===== SUPPLIED DATA

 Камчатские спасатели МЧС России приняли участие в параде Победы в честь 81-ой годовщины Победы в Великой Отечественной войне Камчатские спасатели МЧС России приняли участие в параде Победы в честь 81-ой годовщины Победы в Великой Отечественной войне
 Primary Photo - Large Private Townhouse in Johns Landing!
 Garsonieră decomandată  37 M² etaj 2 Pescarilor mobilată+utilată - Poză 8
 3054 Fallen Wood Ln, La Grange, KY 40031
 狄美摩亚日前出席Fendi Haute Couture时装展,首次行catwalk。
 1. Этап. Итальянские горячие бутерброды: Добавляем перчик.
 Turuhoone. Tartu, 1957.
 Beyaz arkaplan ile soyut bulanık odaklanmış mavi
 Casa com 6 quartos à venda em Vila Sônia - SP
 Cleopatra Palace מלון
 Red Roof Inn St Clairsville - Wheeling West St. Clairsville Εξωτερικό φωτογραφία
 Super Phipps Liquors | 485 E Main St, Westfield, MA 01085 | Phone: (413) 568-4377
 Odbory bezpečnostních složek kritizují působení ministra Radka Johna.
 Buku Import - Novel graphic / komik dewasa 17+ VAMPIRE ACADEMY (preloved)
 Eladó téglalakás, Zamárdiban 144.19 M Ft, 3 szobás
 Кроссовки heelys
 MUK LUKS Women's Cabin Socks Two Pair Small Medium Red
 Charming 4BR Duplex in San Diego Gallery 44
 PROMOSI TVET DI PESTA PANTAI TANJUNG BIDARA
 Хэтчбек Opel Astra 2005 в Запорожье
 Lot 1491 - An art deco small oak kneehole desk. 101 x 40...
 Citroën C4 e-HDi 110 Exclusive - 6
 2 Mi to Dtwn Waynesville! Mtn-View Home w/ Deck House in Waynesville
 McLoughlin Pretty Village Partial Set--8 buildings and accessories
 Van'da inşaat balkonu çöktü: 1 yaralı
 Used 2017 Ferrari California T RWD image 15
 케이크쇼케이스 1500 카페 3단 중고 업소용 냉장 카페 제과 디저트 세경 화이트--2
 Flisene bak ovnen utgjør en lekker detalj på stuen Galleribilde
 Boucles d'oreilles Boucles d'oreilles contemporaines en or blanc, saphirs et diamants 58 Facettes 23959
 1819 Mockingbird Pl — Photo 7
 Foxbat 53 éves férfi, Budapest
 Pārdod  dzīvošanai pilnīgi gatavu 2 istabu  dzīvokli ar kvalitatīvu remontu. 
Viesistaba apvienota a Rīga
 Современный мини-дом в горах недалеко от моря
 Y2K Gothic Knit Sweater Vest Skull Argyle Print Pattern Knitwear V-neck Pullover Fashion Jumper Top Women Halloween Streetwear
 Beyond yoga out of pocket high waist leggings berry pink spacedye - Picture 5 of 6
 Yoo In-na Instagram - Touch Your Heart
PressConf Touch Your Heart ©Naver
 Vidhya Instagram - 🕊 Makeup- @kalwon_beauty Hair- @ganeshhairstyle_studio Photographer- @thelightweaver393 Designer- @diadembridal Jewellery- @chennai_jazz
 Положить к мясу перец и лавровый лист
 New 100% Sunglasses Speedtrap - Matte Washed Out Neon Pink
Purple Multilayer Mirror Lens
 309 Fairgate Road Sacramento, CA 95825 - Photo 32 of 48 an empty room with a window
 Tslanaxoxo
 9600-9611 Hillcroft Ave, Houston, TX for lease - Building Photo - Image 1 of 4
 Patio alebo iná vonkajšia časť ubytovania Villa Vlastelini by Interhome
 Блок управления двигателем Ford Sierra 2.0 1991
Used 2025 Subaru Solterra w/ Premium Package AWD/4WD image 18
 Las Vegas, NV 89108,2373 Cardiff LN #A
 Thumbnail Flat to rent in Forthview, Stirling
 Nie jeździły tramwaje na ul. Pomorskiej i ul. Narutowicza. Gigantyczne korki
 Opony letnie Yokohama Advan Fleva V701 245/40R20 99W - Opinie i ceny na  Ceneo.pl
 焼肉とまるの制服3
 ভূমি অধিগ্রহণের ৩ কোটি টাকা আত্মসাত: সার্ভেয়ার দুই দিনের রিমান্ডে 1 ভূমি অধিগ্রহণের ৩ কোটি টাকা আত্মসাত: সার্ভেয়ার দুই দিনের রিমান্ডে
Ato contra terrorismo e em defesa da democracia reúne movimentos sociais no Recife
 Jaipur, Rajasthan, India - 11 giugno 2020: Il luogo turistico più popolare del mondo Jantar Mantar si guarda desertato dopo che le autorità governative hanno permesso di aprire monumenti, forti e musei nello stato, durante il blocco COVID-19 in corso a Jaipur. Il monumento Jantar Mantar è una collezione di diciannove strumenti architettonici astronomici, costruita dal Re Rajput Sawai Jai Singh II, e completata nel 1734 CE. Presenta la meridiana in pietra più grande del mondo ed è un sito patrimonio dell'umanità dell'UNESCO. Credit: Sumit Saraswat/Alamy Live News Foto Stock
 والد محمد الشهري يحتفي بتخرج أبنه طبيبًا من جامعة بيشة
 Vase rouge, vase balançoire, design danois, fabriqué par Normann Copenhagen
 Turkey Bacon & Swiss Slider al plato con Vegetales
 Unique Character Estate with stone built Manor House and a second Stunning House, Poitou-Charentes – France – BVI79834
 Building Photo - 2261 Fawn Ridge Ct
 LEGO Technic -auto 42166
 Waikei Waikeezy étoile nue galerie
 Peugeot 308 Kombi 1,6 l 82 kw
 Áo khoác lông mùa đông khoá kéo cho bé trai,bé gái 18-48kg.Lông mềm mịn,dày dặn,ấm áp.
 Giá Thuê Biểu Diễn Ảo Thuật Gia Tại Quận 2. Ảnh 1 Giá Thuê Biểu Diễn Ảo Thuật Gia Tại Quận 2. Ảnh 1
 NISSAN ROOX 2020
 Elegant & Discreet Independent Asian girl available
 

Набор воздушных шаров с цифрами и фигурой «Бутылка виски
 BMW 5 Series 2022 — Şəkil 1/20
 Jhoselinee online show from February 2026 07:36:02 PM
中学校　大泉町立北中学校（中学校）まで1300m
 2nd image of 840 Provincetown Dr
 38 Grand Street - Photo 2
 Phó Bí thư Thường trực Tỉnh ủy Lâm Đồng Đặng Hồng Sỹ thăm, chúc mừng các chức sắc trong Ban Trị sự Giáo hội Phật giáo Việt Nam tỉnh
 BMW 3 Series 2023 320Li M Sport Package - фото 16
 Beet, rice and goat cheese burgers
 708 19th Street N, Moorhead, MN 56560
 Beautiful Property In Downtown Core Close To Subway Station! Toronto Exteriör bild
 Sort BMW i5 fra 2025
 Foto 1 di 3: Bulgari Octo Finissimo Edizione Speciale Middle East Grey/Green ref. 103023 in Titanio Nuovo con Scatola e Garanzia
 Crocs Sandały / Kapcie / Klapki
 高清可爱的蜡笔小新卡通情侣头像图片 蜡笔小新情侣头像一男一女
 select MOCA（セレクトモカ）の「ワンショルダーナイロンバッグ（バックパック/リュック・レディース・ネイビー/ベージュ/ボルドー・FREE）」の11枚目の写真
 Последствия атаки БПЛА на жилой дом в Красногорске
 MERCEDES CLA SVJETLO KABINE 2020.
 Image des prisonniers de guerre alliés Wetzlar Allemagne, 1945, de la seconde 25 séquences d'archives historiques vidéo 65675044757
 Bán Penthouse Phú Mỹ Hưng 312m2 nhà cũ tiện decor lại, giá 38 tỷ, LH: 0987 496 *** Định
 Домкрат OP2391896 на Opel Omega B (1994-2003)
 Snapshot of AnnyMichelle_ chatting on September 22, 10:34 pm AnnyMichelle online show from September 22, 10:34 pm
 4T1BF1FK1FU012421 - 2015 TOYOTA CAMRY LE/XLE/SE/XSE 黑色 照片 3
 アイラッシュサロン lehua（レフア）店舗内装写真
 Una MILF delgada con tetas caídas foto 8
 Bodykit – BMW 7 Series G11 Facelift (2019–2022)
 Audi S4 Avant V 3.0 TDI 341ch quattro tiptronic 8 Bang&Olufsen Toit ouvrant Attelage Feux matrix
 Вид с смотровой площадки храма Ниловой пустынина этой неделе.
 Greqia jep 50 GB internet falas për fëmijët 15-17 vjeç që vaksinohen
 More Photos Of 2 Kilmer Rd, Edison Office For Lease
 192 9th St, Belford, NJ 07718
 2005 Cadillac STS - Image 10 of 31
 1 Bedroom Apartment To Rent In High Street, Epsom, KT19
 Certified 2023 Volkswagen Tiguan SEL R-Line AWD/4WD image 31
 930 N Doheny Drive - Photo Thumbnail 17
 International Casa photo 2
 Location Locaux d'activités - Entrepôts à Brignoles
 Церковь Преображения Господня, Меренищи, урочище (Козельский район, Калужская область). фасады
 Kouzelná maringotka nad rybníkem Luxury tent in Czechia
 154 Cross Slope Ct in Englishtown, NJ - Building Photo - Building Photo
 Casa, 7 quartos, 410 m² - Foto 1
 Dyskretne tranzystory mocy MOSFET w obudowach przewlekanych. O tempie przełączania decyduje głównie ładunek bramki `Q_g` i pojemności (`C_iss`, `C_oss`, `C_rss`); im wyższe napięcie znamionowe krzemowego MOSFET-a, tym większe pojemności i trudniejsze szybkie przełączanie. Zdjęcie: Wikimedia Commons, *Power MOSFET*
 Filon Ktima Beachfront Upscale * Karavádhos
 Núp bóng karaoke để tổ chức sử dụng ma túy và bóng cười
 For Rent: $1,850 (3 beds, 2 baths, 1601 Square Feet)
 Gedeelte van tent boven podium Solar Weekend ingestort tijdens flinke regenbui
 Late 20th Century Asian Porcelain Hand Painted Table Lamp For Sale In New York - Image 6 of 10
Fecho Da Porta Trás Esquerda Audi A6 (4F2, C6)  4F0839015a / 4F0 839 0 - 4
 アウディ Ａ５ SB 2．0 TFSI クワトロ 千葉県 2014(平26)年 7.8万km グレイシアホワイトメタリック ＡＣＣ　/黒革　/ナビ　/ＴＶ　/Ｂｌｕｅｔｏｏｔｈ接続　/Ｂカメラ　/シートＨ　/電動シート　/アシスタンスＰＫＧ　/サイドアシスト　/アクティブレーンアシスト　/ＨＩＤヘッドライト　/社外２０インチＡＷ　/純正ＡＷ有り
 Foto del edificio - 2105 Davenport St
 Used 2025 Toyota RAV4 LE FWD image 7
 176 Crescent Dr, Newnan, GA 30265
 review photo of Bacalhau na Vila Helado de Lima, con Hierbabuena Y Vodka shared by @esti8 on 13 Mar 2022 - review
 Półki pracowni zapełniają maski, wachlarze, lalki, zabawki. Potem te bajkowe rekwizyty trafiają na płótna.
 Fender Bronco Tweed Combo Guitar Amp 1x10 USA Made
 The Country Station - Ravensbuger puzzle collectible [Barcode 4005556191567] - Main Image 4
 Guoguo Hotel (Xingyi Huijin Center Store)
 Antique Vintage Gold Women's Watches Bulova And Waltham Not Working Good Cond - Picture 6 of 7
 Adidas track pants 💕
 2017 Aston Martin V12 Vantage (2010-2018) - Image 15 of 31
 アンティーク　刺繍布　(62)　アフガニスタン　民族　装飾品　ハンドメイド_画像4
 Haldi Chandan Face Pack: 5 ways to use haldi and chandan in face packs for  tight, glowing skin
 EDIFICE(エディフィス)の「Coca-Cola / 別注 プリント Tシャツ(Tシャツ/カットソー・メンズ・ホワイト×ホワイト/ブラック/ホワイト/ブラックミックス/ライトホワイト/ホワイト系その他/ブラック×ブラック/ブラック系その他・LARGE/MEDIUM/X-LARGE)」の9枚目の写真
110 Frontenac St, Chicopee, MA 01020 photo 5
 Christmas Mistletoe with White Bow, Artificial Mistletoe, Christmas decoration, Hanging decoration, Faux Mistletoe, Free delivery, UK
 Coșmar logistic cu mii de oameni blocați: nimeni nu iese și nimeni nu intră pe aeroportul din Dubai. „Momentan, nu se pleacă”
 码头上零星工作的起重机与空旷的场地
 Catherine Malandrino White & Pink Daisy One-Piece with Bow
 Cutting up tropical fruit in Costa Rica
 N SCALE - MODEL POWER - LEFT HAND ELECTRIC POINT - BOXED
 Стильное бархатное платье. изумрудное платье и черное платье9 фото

==========

Looking at the data above, write out exactly the lines that start at the one containing "Citroën C4 e-HDi 110 Exclusive - 6" and end at the one containing "Boucles d'oreilles Boucles"; include both and nothing beyond.

 Citroën C4 e-HDi 110 Exclusive - 6
 2 Mi to Dtwn Waynesville! Mtn-View Home w/ Deck House in Waynesville
 McLoughlin Pretty Village Partial Set--8 buildings and accessories
 Van'da inşaat balkonu çöktü: 1 yaralı
 Used 2017 Ferrari California T RWD image 15
 케이크쇼케이스 1500 카페 3단 중고 업소용 냉장 카페 제과 디저트 세경 화이트--2
 Flisene bak ovnen utgjør en lekker detalj på stuen Galleribilde
 Boucles d'oreilles Boucles d'oreilles contemporaines en or blanc, saphirs et diamants 58 Facettes 23959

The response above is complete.